Retour aux articles →

Édito. Organisez-vous !

« Organisez-vous ! » l’appel lancé par Arthur Borriello dans notre dernier numéro résonne en cette saison hivernale. Bien sûr, le politologue ne visait pas l’organisation des fêtes de familles, avec ses agendas à croiser et ses cadeaux à offrir, mais le champ politique, qui ne s’apparente pas toujours à un conte de Noël.

Organisez-vous !, alors qu’un mal semble toucher l’ensemble des groupes sociaux et des corps constitués. Un mal plus grave que la désorganisation : le déphasage, le désarrimage des organisations existantes avec le monde tel qu’il va. Le bouleversement est profond : entre révolution numérique, transformation du système économique, diffusion de théories ultralibérales ou libertariennes. La résultante : une désocialisation typique des grands changements d’époque.

La gauche a un trésor d’histoire organisationnelle, d’essais et d’erreurs, d’avancées et de reculs.

Organisez-vous ! Les générations se succèdent, et les nouveaux venus comprennent soudain mieux le sens de paroles anciennes. L’appel du Manifeste, « Prolétaires de tous les pays, unissez-vous ! », n’était-il pas une supplique à l’organisation politique, bientôt reprise en chœur par les travailleurs et travailleuses dans le monde entier ? En serions-nous toujours là ? Et bien oui… et non. Car entretemps, depuis que Karl Marx, en exil en Belgique, a couché ces mots sur le papier, il y a un peu moins de 180 ans, se sont créés et unis les syndicats, les coopératives, les maisons du peuple, les mutuelles, les associations… et les partis ! Au contraire de nos illustres ainés, fondateurs et fondatrices du mouvement ouvrier, combattant pour le droit de vote et des conditions de vie décente, nous ne repartons pas de zéro. Ainsi donc, la gauche a un trésor d’histoire organisationnelle, d’essais et d’erreurs, d’avancées et de reculs.

La gauche sociale, populaire, a normalement pour elle la force du nombre, c’est son pari initial.

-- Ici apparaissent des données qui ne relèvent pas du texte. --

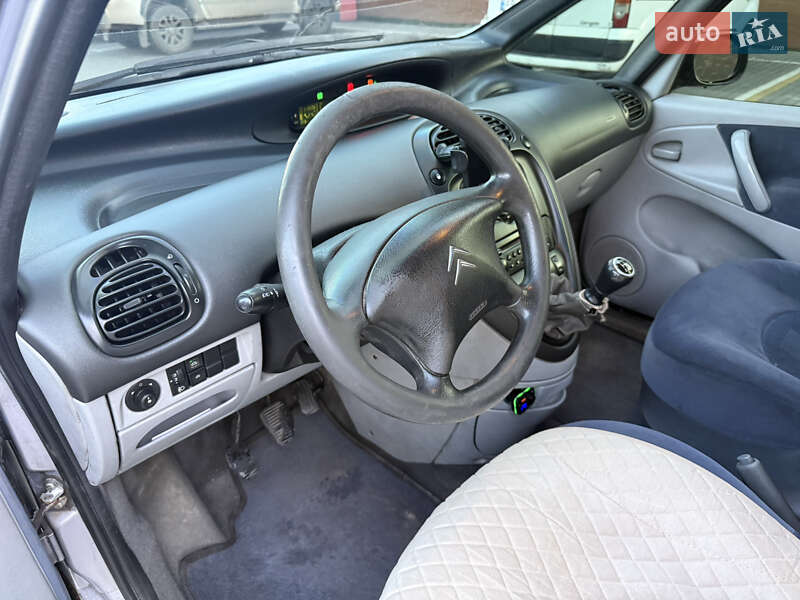Минивэн Citroen Xsara Picasso 2003 в Виннице фото 11 Минивэн Citroen Xsara Picasso 2003 в Виннице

Cette importance de l’organisation, et de l’implication personnelle dans celle-ci, a varié à travers le temps. Elle interroge à nouveau aujourd’hui, peut-être surtout des partis qui pensaient avoir trouvé la formule gagnante pour durer et transformer l’ensemble de la société. C’est le cas des « écologistes confédérés pour l’organisation (sic) de luttes originales », en bref : « Écolo ». Un parti vert qui va de victoire en défaite, en continuant à se promettre de « faire de la politique autrement ». C’est aussi le cas du Parti socialiste (PS), dont l’érosion, que d’aucuns pensent inéluctable, inquiète les plus hauts responsables. Son président, Paul Magnette – que nous retrouvons dans le dossier de ce numéro – annonce d’ailleurs un grand « processus de refondation » à partir de mars 2025. Pendant ce temps, le PTB avance, serein, renvoyant, comme un miroir déformant, au frère ennemi socialiste, l’image qui était celle du PS, il y a plus de cinquante ans : un parti de militantes et de militants investis dans une organisation de terrain et dans la société.

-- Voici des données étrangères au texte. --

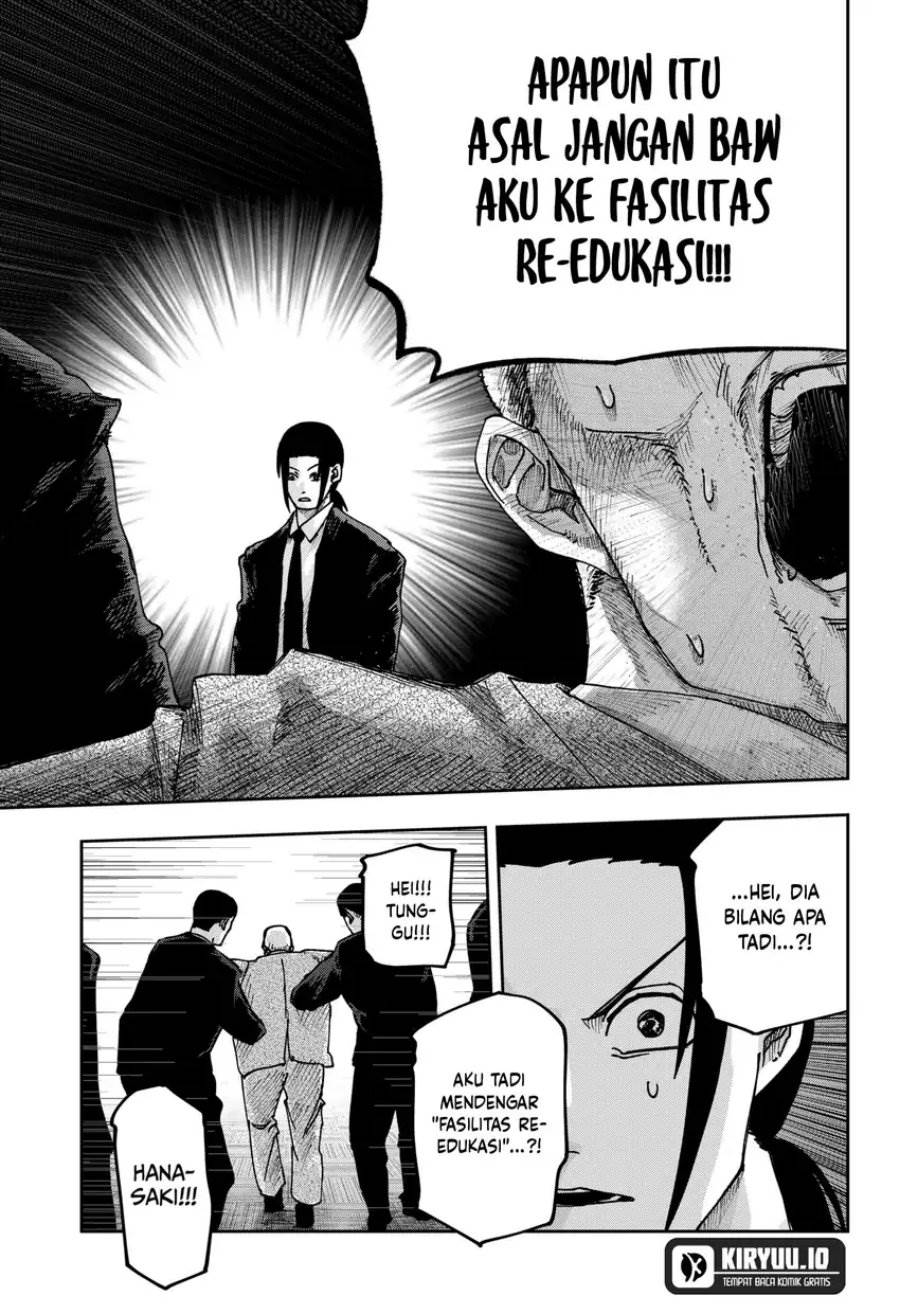 War of the Adults Chap 35 - Next Chap 36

La gauche sociale, populaire, a normalement pour elle la force du nombre. C’est son pari initial : « nous ne sommes rien, soyons tout », tonne l’Internationale. Aucune force ne peut abattre la majorité d’un peuple, lorsqu’il se lève pour améliorer son sort et la société. Aujourd’hui, alors que la commune flamande de Ninove est aux mains de l’extrême droite, que le cordon sanitaire est éreinté sous le coup des compromissions locales, alors que les périls et l’instabilité semblent se généraliser, c’est bien le mot d’organisation et de réorganisation qui marquera la nouvelle année. À nous d’en saisir la portée.